Mi hermana se queja con frecuencia de la tendencia a la recreación que, al parecer, tienen las personas. Según ella, es una especie de padecimiento que nos obliga a la añoranza inútil, que nos sume en la mediocridad y nos trae la mímica de lo que ya no es, en su peor forma. ¿Por qué no contentarse con el simple recuerdo? El recuerdo sería mejor que cualquier cosa, o, por lo menos, más útil. Pero recrear, mal que le pese a mi hermana, es todo lo que podemos hacer. Es la cumbre de nuestra materialidad. Recrea el relator de los hechos pasados (de alguna manera todos lo son), en el mismo instante en que los enuncia con pretenciosa novedad.

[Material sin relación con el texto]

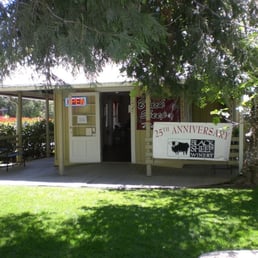 Approach to the quaint tasting room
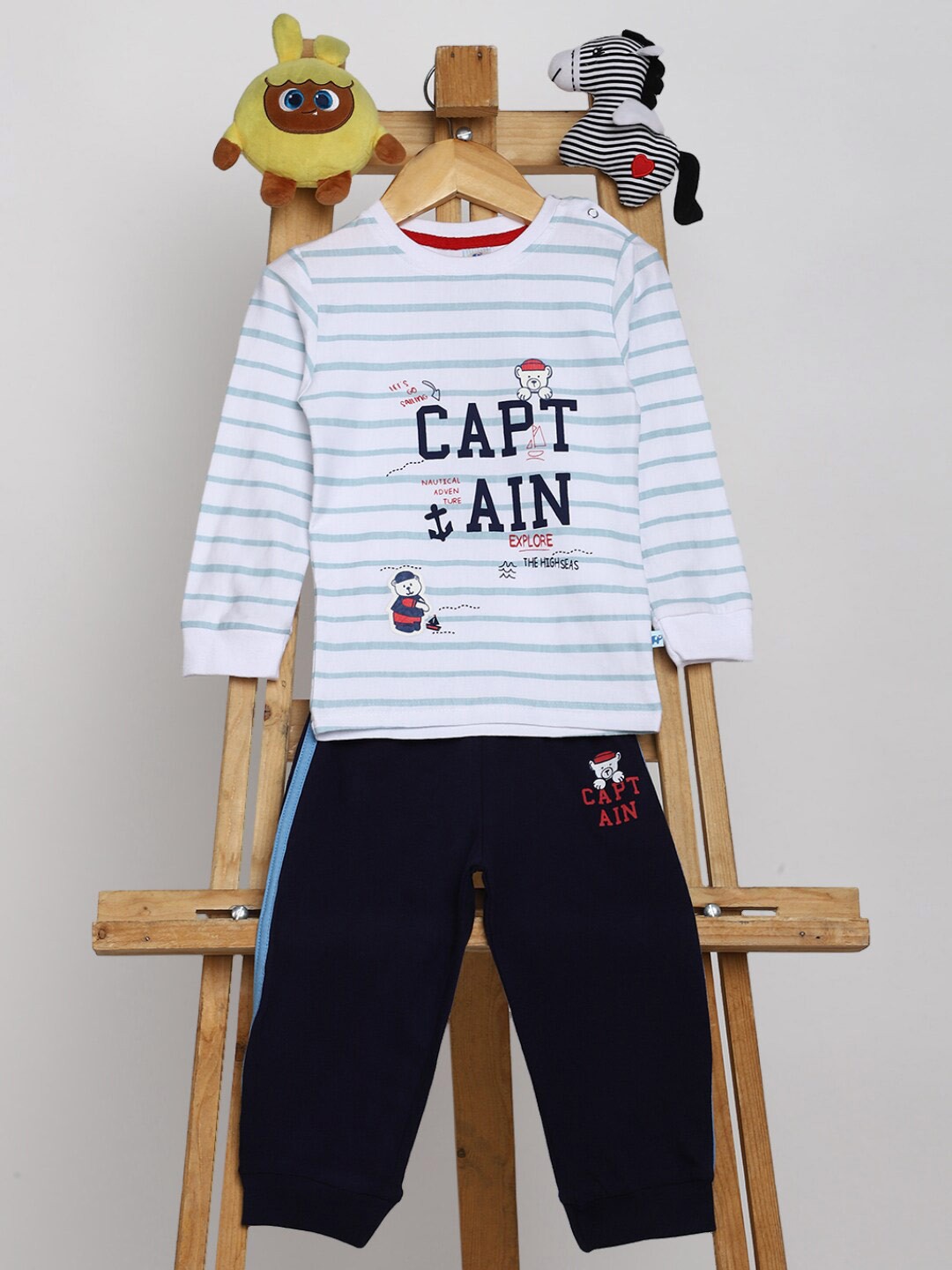 

V-Mart Kids Printed Pure Cotton T-shirt With Trousers, White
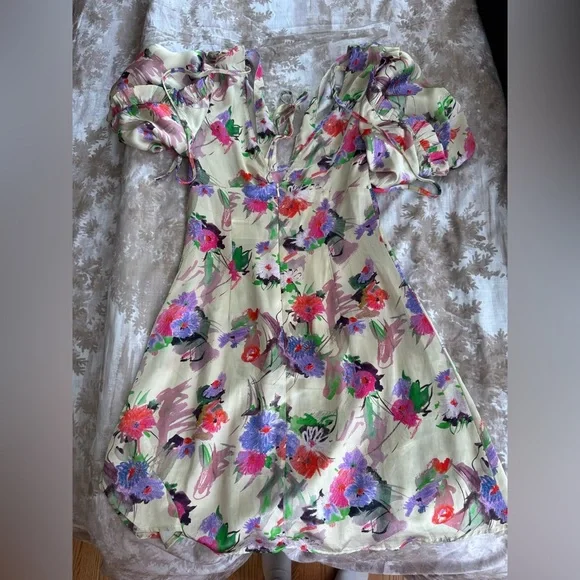 Topshop sketched floral tie front mini dress in multi​ - Picture 6 of 10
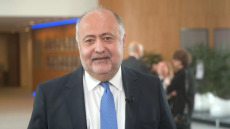 Τσιόδρας: Συζήτηση για την προστασία του καταναλωτή από αθέμιτες πρακτικές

Recrea el predicador la fe de sus fieles en cada ceremonia. El salmón recrea contracorrientes. Recrea el Claro de Luna una tristeza cualquiera. A Cervantes toda la prosa lo recrea. Recreo una ilusión a cada instante. Horizontes recrea el sextante. Un olvido imposible, el mar errante. Imaginemos un mundo en el que la recreación no fuera posible. Donde las cosas sean de por sí, dadas e inmutables. Si nuestros días transcurrieran en ese mundo, no nos sería posible imaginar. Aprovechemos entonces que vivimos en este mundo e imaginemos ese otro. Triste, ¿verdad? Por mi parte, sin mi fantasía no soy nada. Sepan que se equivocan grueso los que le endilgan a la fantasía un carácter subalterno a lo real. Para determinar qué cosas son reales y cuáles no, basta con ponerse de acuerdo y dejarse de caprichos. Ahora, no vamos a quedarnos con eso ¿no es cierto? Nada hay más burocrático que la realidad. Acuerdos intersubjetivos pueblan nuestra cotidianeidad. Usted y yo estaremos de acuerdo en que debemos saludarnos con gesto cordial, un apretón de manos, un beso en la mejilla, una palma en el hombro. Convenimos con anticipación qué decir y, aunque no lo sepamos (y no lo sabemos) estamos recreando lejanías en cada encuentro.